To give you a flavor of the language let's consider a few example queries written in SGL.
In order to check all the libraries in the graph we can just do the following:
library(language: 'java') # returns the list of all libraries in the graph
Similarly for checking all the vulnerabilities in the graph we can run the following queries.
vulnerability(_) # shows all the vulnerabilities in the graph
Now, to check what are all the vulnerable libraries:
library(_) where(has_vulnerability) # returns only those libraries that have a known vulnerability
We can also query details about a particular library say
let spring_web = library(language: 'java', coord1: 'org.springframework', coord2: 'spring-web', version: '4.1.6.RELEASE') in spring_web let spring_web_classes = spring_web has_class in spring_web_classes # returns all the classes that are defined in the library let spring_web_methods = spring_web has_method in spring_web_methods spring_web_methods count # returns all methods in the library
If you are curious as to how many libraries call
method(class_name:'java/lang/Runtime', method_name:'exec') called_by method_in_library
Surprisingly that actually returns 11k+ library versions that call exec and I bet a case of beer that at least one is malware.
Finally, if you want to check the state of open-source security you can query for all libraries that are directly or indirectly affected by any known vulnerability:
vulnerability(_) has_version_range has_library union(identity, embedded_in*, dependent_on*)
That query alone really shows the power of SGL. Before SGL we knew that around 1,900 libraries that were affected by disclosed vulnerabilities. After SGL we know know of over 6,500 libraries that are actually affected by those same vulnerabilities.

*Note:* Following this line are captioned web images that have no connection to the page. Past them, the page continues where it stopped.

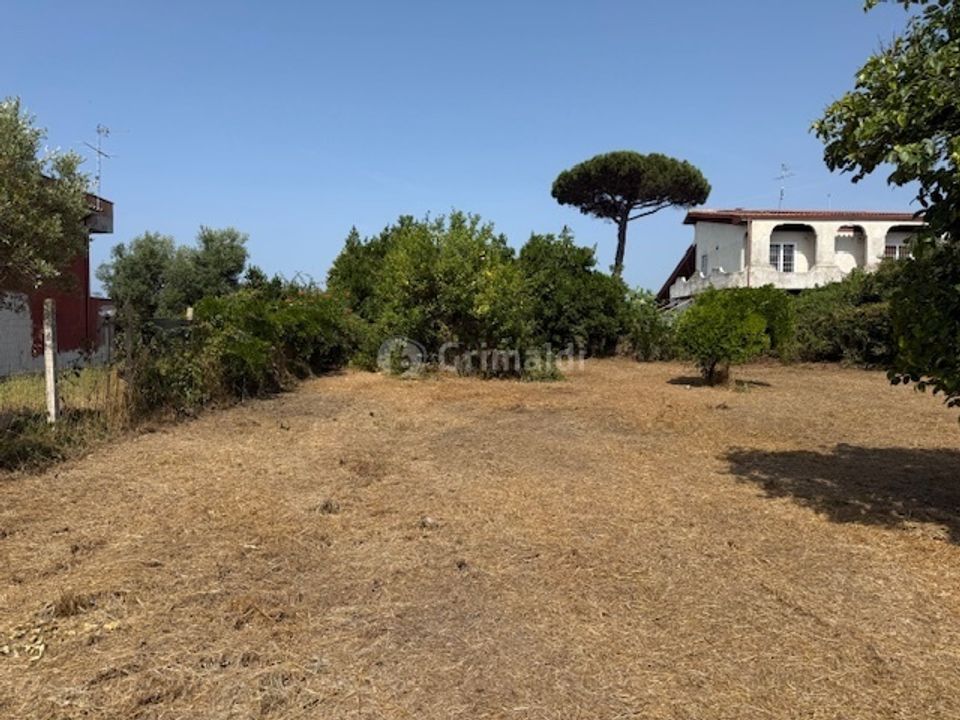 Helårsgrund i Nettuno, Rome - foto 1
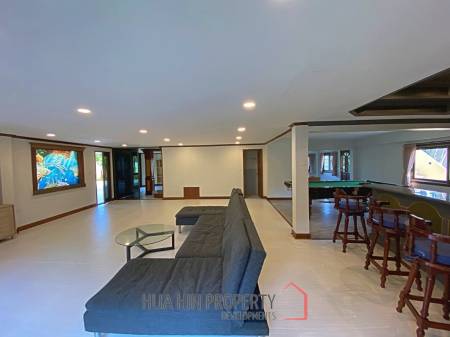 City Center 4 Bed Pool Villa on 1 Rai Land For Sale Hua Hin
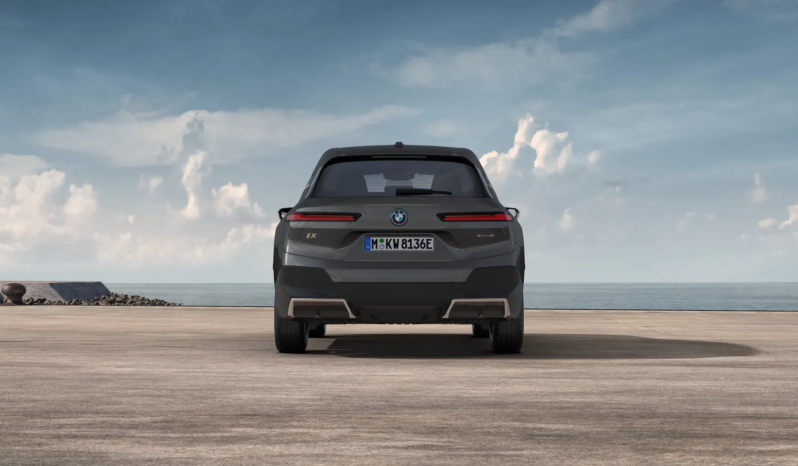 Renting BMW IX lleno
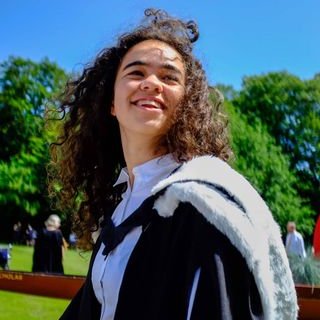 Profile Picture of Alice King (@alicejessking) on Twitter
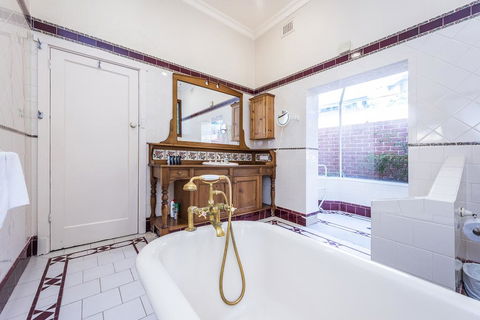 Cottesloe Eclectic House - Hotel VIC 0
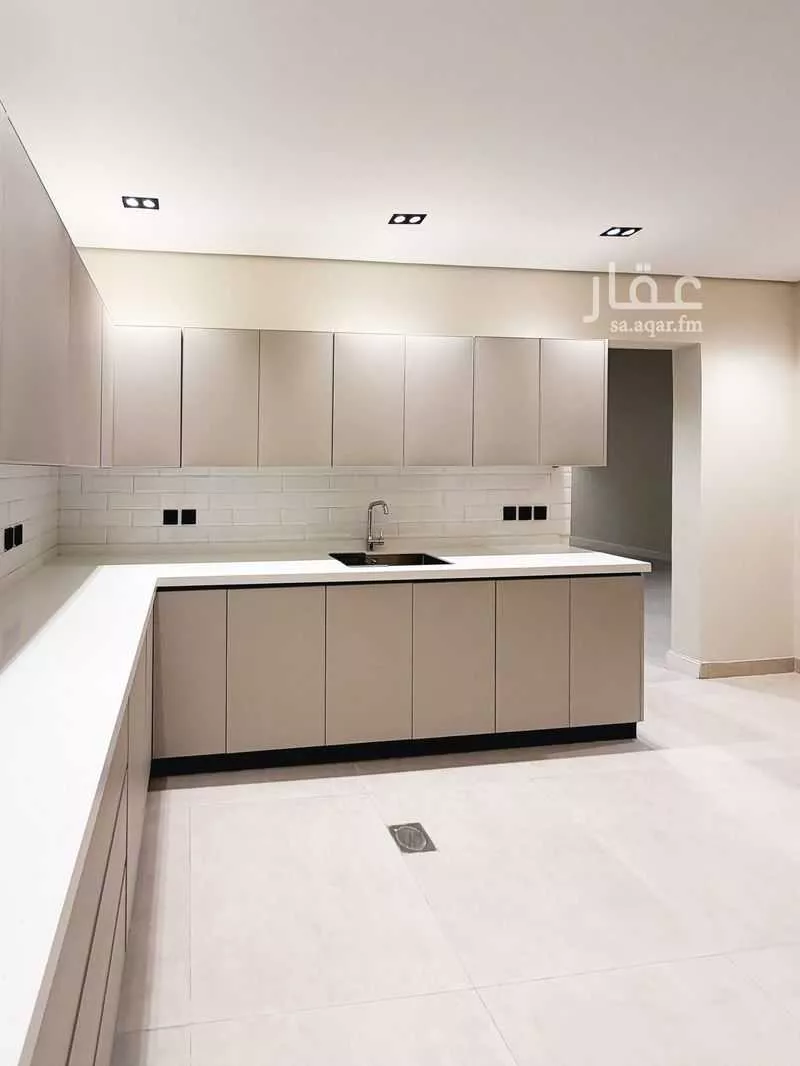 فيلا 4 غرف في المروج، الرياض 42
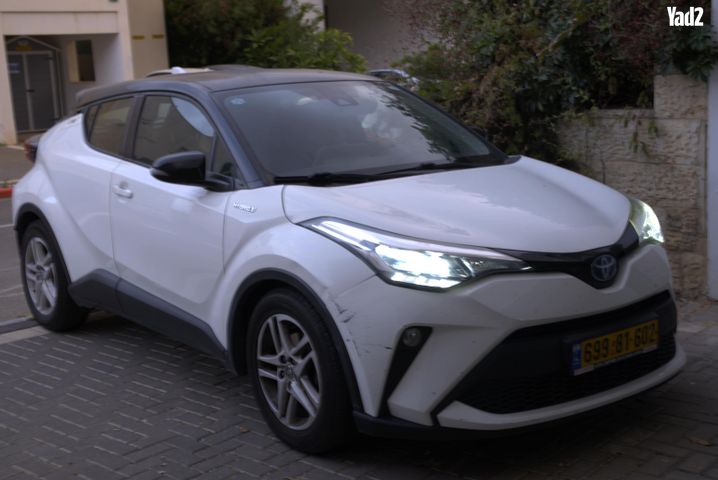 מודעת רכב טויוטה C-HR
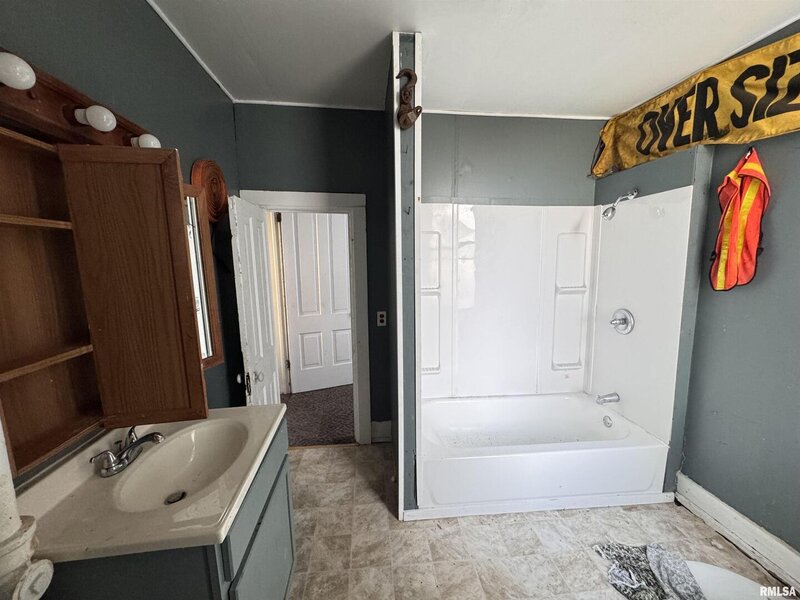 911 W Hurlburt Street Peoria IL 61605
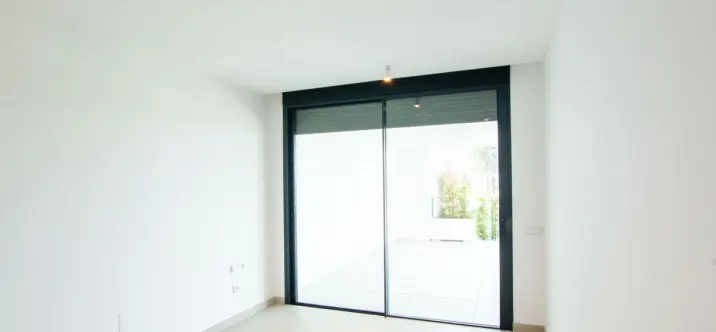 Venta de apartamento en planta baja en Artola 2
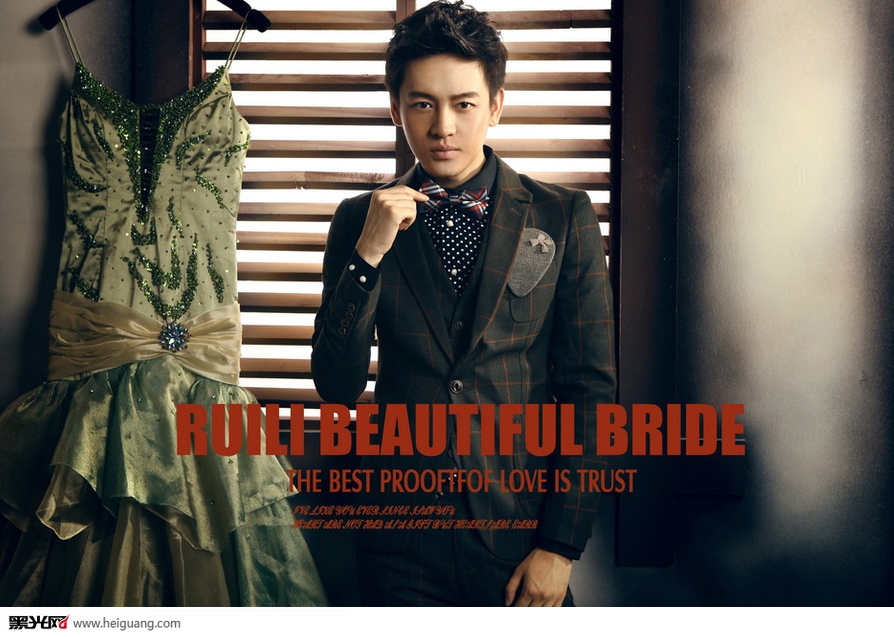 点击大图看下一张：温馨邂逅 婚纱摄影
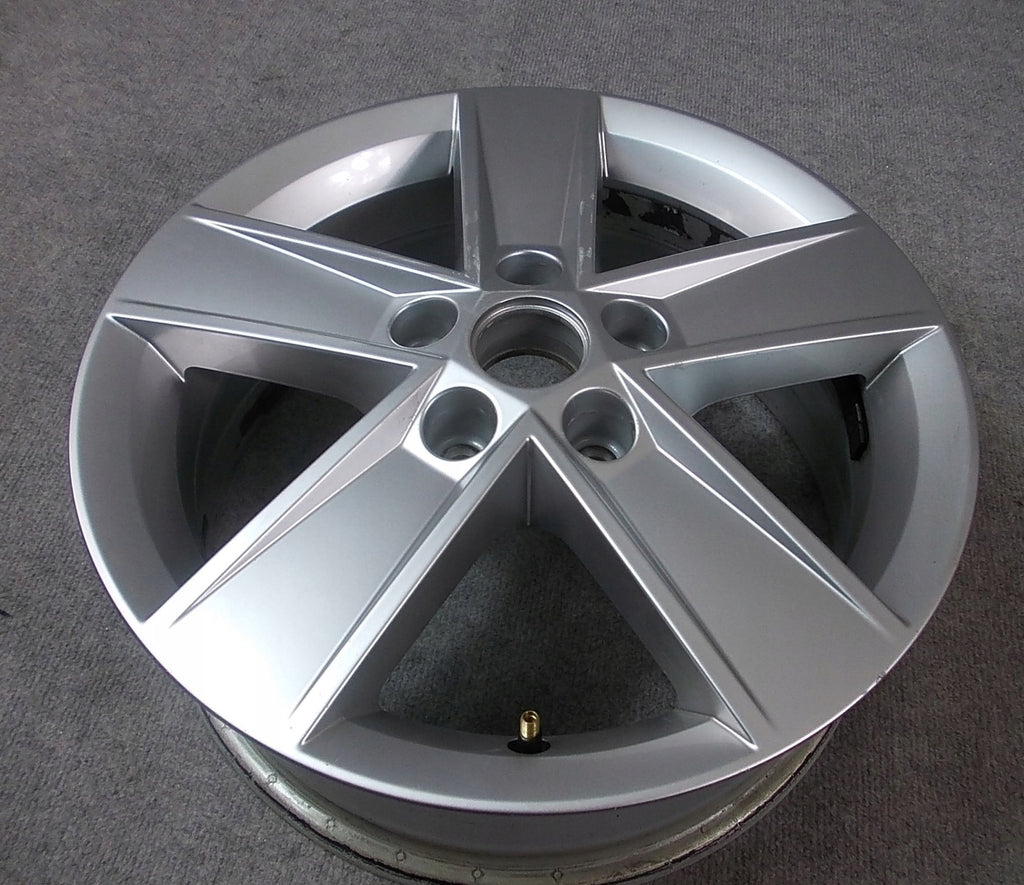 1x Alufelge 16 Zoll 6.0" 5x112 48ET Glanz Silber 5E0601025M Skoda Octavia Iii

We can also see if a particular vulnerable library is used by other libraries. Using the SGL query below we can look for libraries that themselves use the vulnerable version of
vulnerability(identity: "2017-1000034") has_version_range has_library union(dependent_on*, embedded_in*) # 357 vulnerable libraries found
Sure enough there are 357 other libraries in the results set. We can of course now use SGL to chain the query to include actual calls to the vulnerable method for precise results.
Similarly, last year a significant vulnerability SID-1847 was published in Apache Commons Collections (ACC) library that potentially led to remote code execution. While there has been a lot of awareness of the dangers of using this interface, using SGL we can instantly see that there are 184 libraries still using the vulnerable method of the vulnerable version of ACC including a popular directory server that if exploited could lead to significant data exposures.
vulnerability(identity: "1847") has_version_range has_vulnerable_method called_by* method_in_library where(union(embeds*, depends_on*) library_in_version_range version_range_in_vulnerability vulnerability(identity: "1847"))
SGL goes beyond vulnerabilities and can help detect patterns of bugs at scale. E.g. consider the following Java code snippet that is used to prevent XXE attacks in an application.
DocumentBuilderFactory dbf = DocumentBuilderFactory.newInstance(); dbf.setFeature("http://xml.org/sax/features/external-general-entities", false);
Based on this, we can easily construct a SGL query looking for the occurrence of potential XXE issues in Java:
let xml_new = method(class_name:'javax/xml/parsers/DocumentBuilderFactory', method_name: 'newInstance') in let xml_set_feature = method(class_name:'javax/xml/parsers/DocumentBuilderFactory', method_name:'setFeature') in let results = xml_new called_by not(calls xml_set_feature) in results method_in_library
There are several exciting things happening behind the scenes that will help us work with the community to clean the upstream distributions of open-source so that we can all continue to embrace the good stuff.